Petróleo, ouro, diamantes, sede, fome, todos os sobrenomes posteriores a primeira: Helena de Tróia. Tánatos se justificando para realizar a volta da vida, segundo visionários, o fim total de qualquer modo. Momento onde o homem, tomando na mão a foice, antecipa o trabalho para se igualar a um possível e desconhecido criador.


Dói o cotovelo, aperta o sapato no pé. Há algo sob o chão instável. Chama: alguém aí? Nenhuma resposta. É sobre cadáveres que caminha. Um gigantesco Museu do Holocausto, do homem para o homem.


Nunca chora? Por medo? Assombro? Solidão?


Intui que não está sozinho, apenas os mundos não se tocam, não compartilham, nem se abraçam.  Nada, a distância é a salvação, começaram a dizer os cansados de guerra.


Está num deserto. É isso! Alucina. Cadê o Pequeno Príncipe e sua rosa? Cadê a raposa para responder que a jibóia tinha comido um elefante e chapéu é coisa para quem não sabe ver? Pelo menos uma vez a resposta certa. É essa a resposta? Esse branco sem fim? Armadilha.


O horizonte para trás não importa muito, logo tocará o da frente, haverá gente, vestígios de véus. Idade das Flores se avizinha, a Nova Era, é a hora e a vez de Aquário. Tantas linguagens!


O branco é transição, tudo será paz e amor, maconhavam fugas os hippies felizes enquanto enterravam a pior arma, o dinheiro, em caixões de chumbo. Imagine, orava John Lenon: “Você pode dizer que eu sou um sonhador, mas eu não sou o único. Eu tenho a esperança de que um dia você se juntará a nós e o mundo será como um só”. Adeus necessidade de crack, oxi, haxixe, armas, bombas, governos, pele, roupa, insanidade! Não precisamos mais de vocês. Uma única religião, a dos homens, um único chão, a Terra. Prisões virarão estábulos onde vacas de ubres de torneira despejarão leite para todas as cores da fome. As favelas se tornarão belos condomínios de jardins horizontais e verticais. A nova rotação do planeta o porá na curva do clima ameno em todos os hemisférios, os ursos polares simplesmente tirarão seu casaco e os pinguins boiarão de barriga para cima em Búzios enquanto engolem raios de sol.


A revolução fará com que muros e fechaduras se atirem das pontes numa água de PH 7.0, sorrindo para o futuro viveiro de peixes que serão. Muito melhor destino do que aprisionar homens em suas casamatas.
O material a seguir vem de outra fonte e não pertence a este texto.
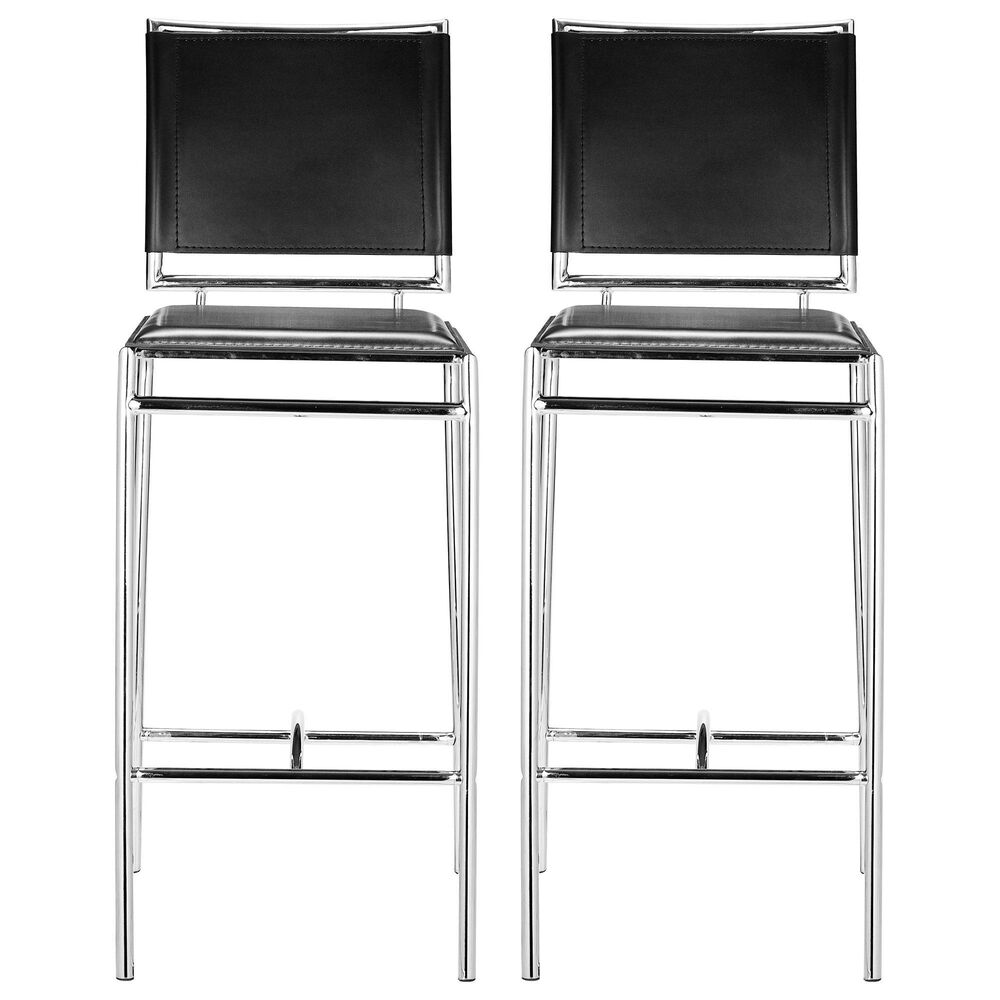 Zuo Modern Soar Bar Stools in Black and Silver &#40;Set of 2&#41;, , large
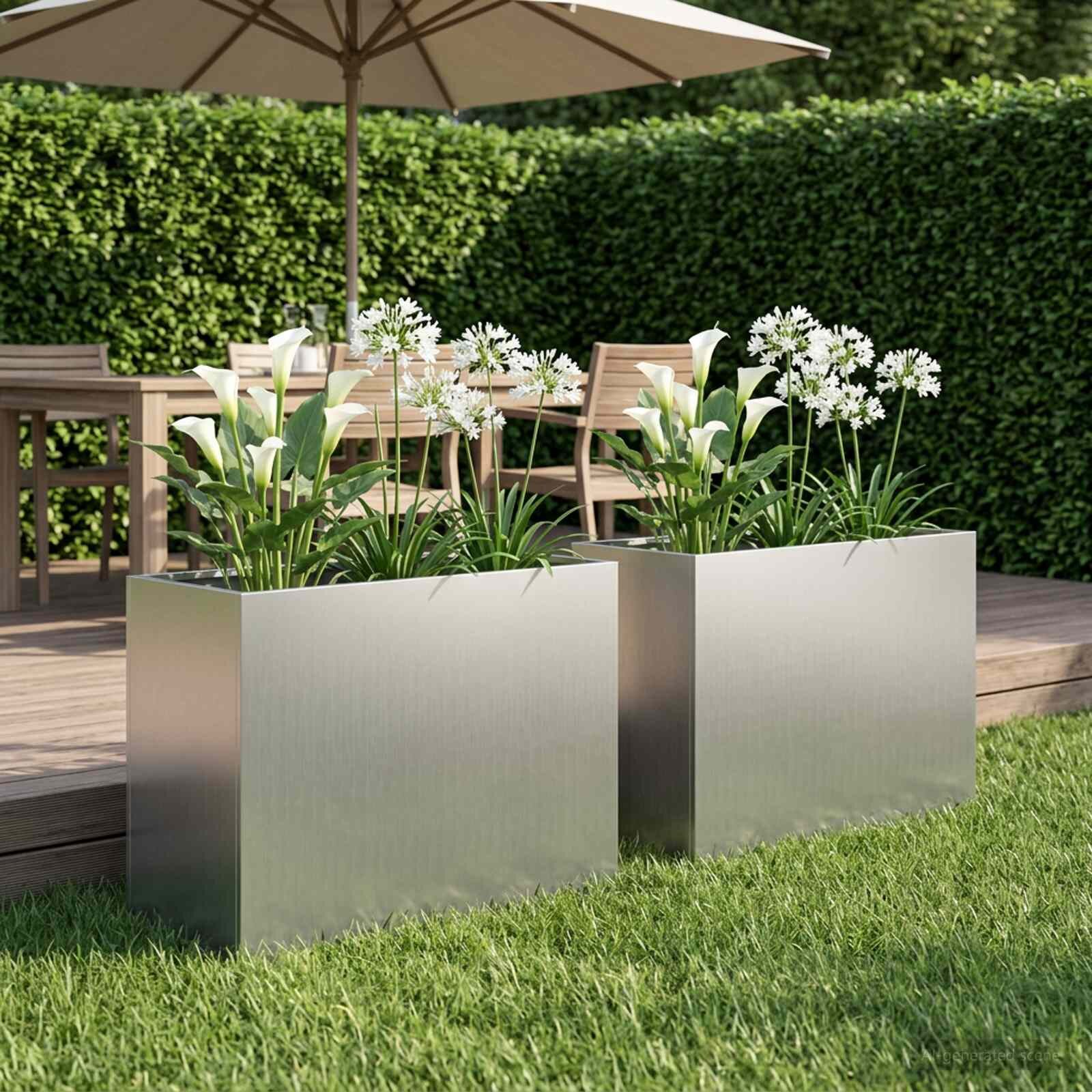 vidaXL Градинска саксия 2 бр. Сребристо 60 x 30 x 40 см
Ouvia-se esbanjando para o horizonte além a alegria do sonho afinal possível. Era só atravessar o portal 11:11 e se ouviria a sinfonia das estrelas anãs.


Surgiram os 2 primeiros homens do horizonte tão próximo, preparou-se para comemorar:


“Distância de 40 passos, no sinal atirem ao mesmo tempo.”


Helena, em macios lençóis de seda, ou de tantos, não sei quantos, fios de algodão egípcio se retorce de rir e leva o copo de uísque escocês aos lábios sempre sedentos.